Category Archives: Initiations

Club Initiation Ritual

Main Piece

“[A club I joined this semester] has certain traditions and rituals that we have to undergo before we are onboarded slash, um, official members of the club – not on paper, but in the eyes of the members already. So…what they did is each new member or “newb” was blindfolded and led into a room where we were distracted and sc–I wouldn’t say they ‘scared’ us but they would like yell “BOO!” in our ears and scare us while we were blindfolded, but it never got too out of hand, it was never too scary, they were never too mean – just light, playful, pranks on us.
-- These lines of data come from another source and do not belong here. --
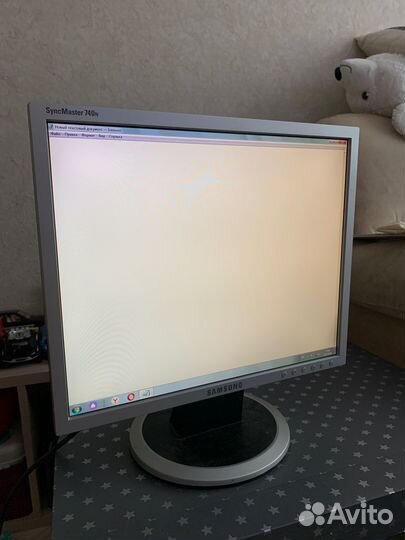 Монитор Samsung SyncMaster 740n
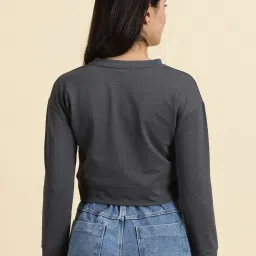 showoffff SHOWOFF Grey Cotton Graphic Print Crop Top image 2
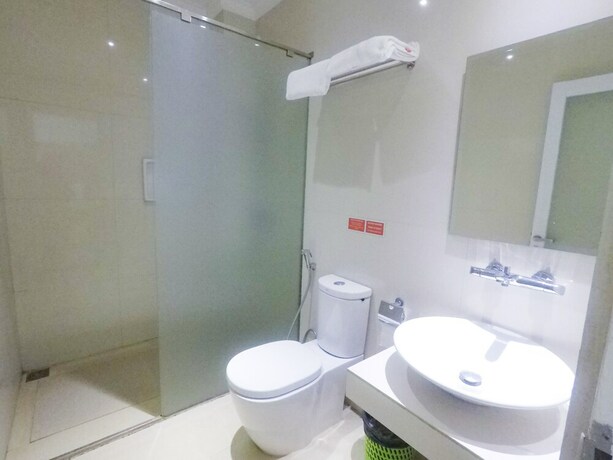 Imagen de la habitación del Hotel RedDoorz near Ubud Village. Foto 15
And they would read–they read the constitution of their organization to us at hyper-speed while we were getting lightly hazed slash pranked and blindfolded by other members, and when they were done, we were taken back to our meeting room and we were each assigned — or they told us, in a big form of display, who our “Big” of the club was. We have “Bigs” and “Littles” — basically a new member is mentored by a past member, a member that has been reoccurring on the board — and they kind of take them under their wing to lead them throughout the club and the motions of the club, and we can come to our Bigs for advice, etc. And each of our Bigs ripped off our blindfolds and they would be standing right in front of us with their arms outstretched, ready to give us a hug. And we each had to go to different corners of the room with our Bigs and we were given 2-3 other members of the club as “delegates”, and we were all given champagne bottles. And each Little-Big pairs, along with their committee/chosen few delegates, had to chug the champagne bottle, and the first to finish got to pick karaoke for every other group.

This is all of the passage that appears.